Onajite Paul Okoloko is a Nigerian entrepreneur. He is currently Group Chief Executive Officer / Managing Director of Notore Chemical Industries Plc (“Notore”). He is also the Chairman of Midwestern Oil & Gas Limited (“Midwestern”) and the Chairman of Eroton Exploration & Production Limited (“Eroton”).

Education and Personal Life
Okoloko graduated from the University of Benin in 1986 with a bachelor's degree in Economics and is an alumnus of Harvard Business School. He is married with four children.

Early career
Okoloko lived and worked in the United States prior to his return to Nigeria in 1994 to work in the oil industry. In the US, Okoloko worked in sales, marketing and business development. Okoloko's business ethos is driven by a desire for indigenous ownership and operating of business, developing local management talent and encouraging community participation.

Companies

Ocean and Oil

Okoloko was a founding member of the Ocean and Oil Group alongside Adewale Tinubu, Omamofe Boyo and Osaze Osifo. In 1994, what started out as an oil trading company eventually acquired Unipetrol Nigeria Plc during the Federal Government of Nigeria's privatization exercise in 2000. Ocean and Oil went on to acquire other assets, including Agip Nigeria Plc (the oil marketing arm of the ENI Group in Nigeria) and listed a subsidiary (Oando Plc) on the Nigerian and Johannesburg Stock Exchanges.

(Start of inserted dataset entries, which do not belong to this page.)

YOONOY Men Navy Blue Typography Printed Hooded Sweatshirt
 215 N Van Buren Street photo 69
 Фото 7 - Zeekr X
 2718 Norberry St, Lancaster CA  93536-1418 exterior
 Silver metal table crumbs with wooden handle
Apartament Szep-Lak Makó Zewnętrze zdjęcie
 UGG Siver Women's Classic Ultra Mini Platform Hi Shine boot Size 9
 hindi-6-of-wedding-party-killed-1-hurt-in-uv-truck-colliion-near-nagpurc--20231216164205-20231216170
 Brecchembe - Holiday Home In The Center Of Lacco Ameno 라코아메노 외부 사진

Okoloko left the Ocean and Oil Group of Companies in 2005.

Notore

Okoloko is the Group Chief Executive Officer/Managing Director of Notore Chemical Industries Plc (“Notore”). Up until 2015, Notore was the only producer of urea fertiliser in Sub-Saharan Africa.
Okoloko led a consortium of international and local investors to buy the defunct National Fertilizer Company of Nigeria (NAFCON) through a privatisation round led by the Bureau of Public Enterprises (BPE) between 2004 and 2005. NAFCON, which was originally built by KBR in the 1980s, was a flagship urea producer with over 100% efficiency until it was taken over by the Nigerian Government and subsequently shut down. Post-acquisition, Okoloko successfully completed the largest single loan syndication of Nigerian banks at the time, enabling Notore to raise US$222 million amongst 7 Nigerian financial institutions and completed a successful rehabilitation after it lay idle for more than 10 years.

Post-acquisition, Okoloko was instrumental in campaigning for reform in the Nigerian agricultural sector, lobbying the government to move away from a subsidy based system of fertiliser distribution to a comprehensive and sustainable methodology that encouraged self-sufficiency. His campaign was called “the African Green Revolution.”

Leveraging on his experience in sales and marketing, Okoloko guided Notore into offering different bag sizes of fertiliser to fit the different cash points of each farming group.

Notore quickly developed a marketing and distribution network under Okoloko that covered Nigeria and was cited by several multilateral agencies where Notore's marketing efforts were credited in increasing fertiliser use.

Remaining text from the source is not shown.